_Try it_: Pictures are to be left out, and only the lines below starting at the one with "So where you" and ending at the one with "So that's it." are to be reproduced, each exactly, both ends included.

[Dataset items]
####################
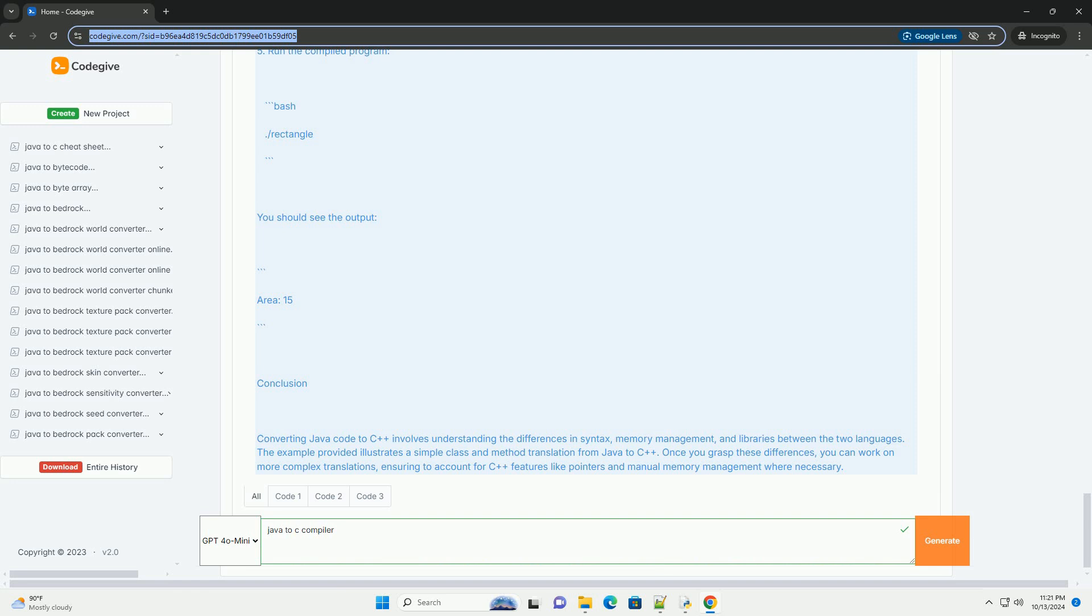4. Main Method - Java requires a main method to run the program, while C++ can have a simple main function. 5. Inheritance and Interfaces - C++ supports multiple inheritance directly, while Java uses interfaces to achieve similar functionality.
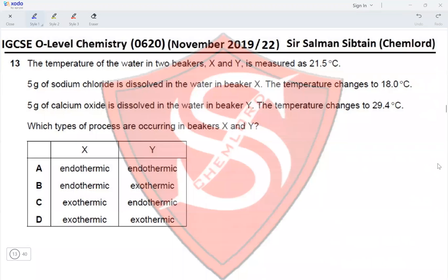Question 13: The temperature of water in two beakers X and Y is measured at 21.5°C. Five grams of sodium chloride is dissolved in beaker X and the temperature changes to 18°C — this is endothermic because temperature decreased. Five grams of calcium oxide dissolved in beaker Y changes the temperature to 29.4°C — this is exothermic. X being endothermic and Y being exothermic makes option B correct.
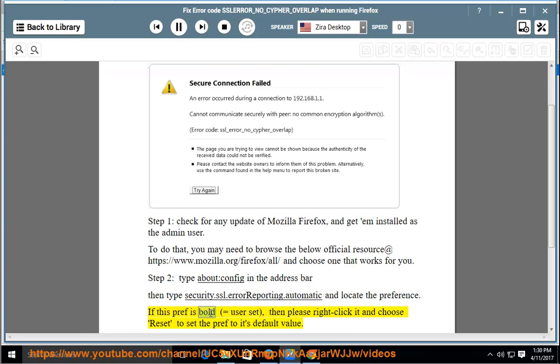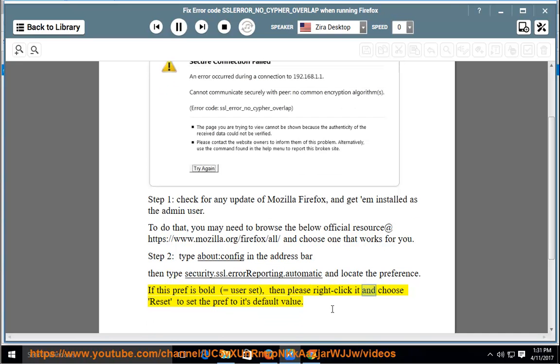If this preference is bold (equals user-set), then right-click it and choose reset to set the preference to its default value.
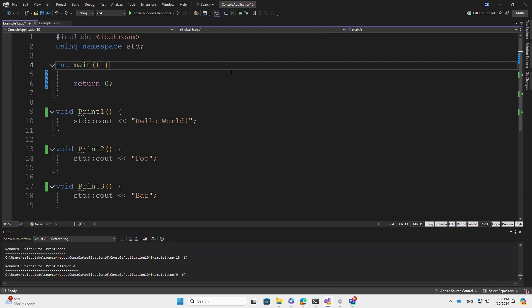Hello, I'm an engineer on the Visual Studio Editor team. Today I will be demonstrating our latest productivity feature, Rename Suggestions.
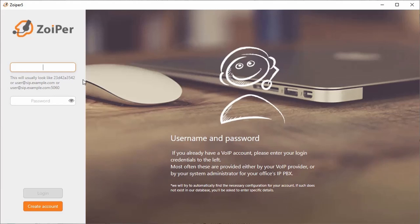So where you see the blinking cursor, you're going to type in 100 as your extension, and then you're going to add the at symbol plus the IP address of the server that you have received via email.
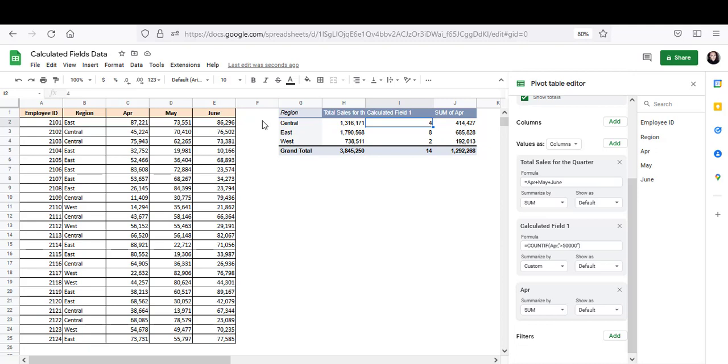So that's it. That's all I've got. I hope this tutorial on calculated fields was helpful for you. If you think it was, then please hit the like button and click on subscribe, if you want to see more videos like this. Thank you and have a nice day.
####################
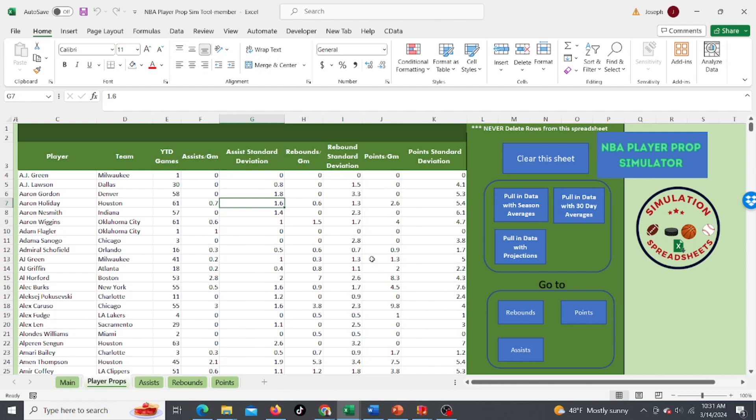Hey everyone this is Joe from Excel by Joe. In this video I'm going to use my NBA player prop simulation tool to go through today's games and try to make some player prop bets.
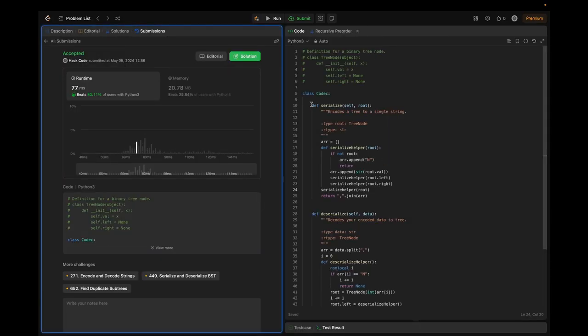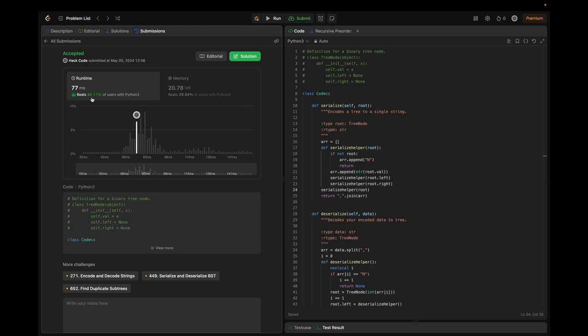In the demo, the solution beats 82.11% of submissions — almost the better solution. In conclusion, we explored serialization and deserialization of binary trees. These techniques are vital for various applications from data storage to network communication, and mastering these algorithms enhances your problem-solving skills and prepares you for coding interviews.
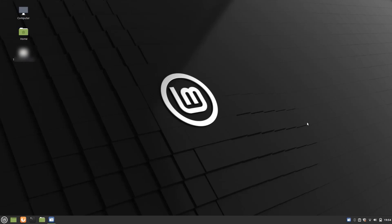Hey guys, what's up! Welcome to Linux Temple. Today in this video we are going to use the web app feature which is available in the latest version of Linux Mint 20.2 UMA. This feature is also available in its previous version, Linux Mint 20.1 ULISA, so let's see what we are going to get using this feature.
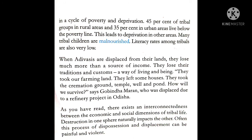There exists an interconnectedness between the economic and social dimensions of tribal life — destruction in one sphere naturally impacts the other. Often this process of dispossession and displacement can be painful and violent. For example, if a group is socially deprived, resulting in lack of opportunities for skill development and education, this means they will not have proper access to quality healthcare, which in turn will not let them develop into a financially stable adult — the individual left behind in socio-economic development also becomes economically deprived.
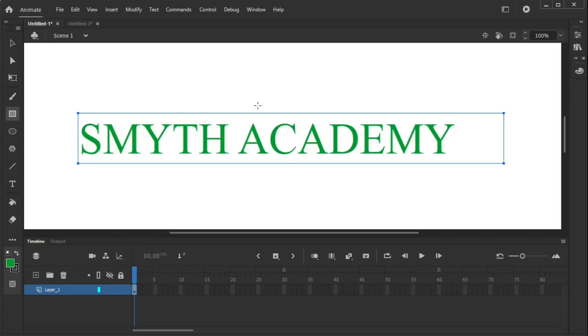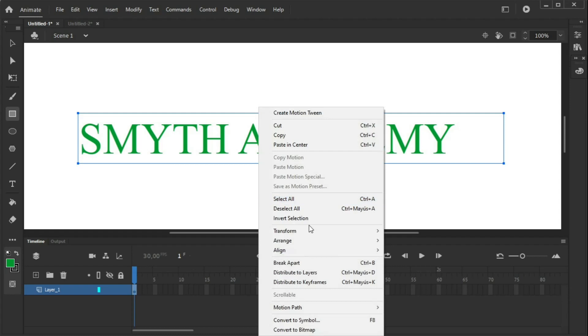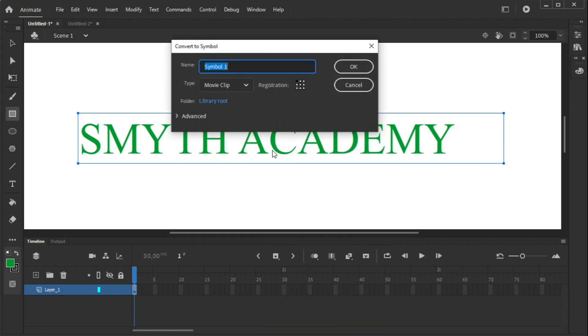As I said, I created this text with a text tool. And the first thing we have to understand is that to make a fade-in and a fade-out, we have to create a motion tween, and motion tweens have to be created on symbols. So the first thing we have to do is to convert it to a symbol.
####################
_Expected output_:
So where you see the blinking cursor, you're going to type in 100 as your extension, and then you're going to add the at symbol plus the IP address of the server that you have received via email.
So that's it. That's all I've got. I hope this tutorial on calculated fields was helpful for you. If you think it was, then please hit the like button and click on subscribe, if you want to see more videos like this. Thank you and have a nice day.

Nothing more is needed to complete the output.